IV - a vinculação de receita de impostos a órgão, fundo ou despesa, ressalvadas a repartição do produto da arrecadação dos impostos a que se referem os arts. 158 e 159, a destinação de recursos para as ações e serviços públicos de saúde, para a manutenção e desenvolvimento do ensino, para as ações de segurança pública e para a realização de atividades da administração tributária, como determinado, respectivamente, pelos arts. 198, § 2º, 212, 144, § 9º e 37, XXII, e a prestação de garantias às operações de crédito por antecipação de receita, previstas no art. 165, § 8º, bem como o disposto no §  4º deste artigo;
 ................................................................................

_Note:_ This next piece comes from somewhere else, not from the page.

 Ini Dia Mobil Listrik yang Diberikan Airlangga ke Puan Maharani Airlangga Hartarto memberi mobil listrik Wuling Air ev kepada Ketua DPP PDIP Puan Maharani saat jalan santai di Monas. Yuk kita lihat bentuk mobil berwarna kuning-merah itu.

Art. 4º - Esta Emenda entra em vigor na data da sua publicação, tendo os entes federados o prazo de até dois anos para a implantação da polícia única de ciclo completo, previsto no § 10, do art. 144, de maneira progressiva e mitigada, iniciando pelas infrações penais de menor potencial ofensivo e nos casos de prisão em flagrante.
Art. 5º As instituições abaixo nominadas passam ater a seguinte denominação:
     § 1º As polícias militares passam a ser denominadas forças públicas estaduais e do Distrito Federal e Territórios.
§ 2º - Os corpos de bombeiros militares passam a ser denominados corpos de bombeiros dos Estados e do Distrito Federal e Territórios.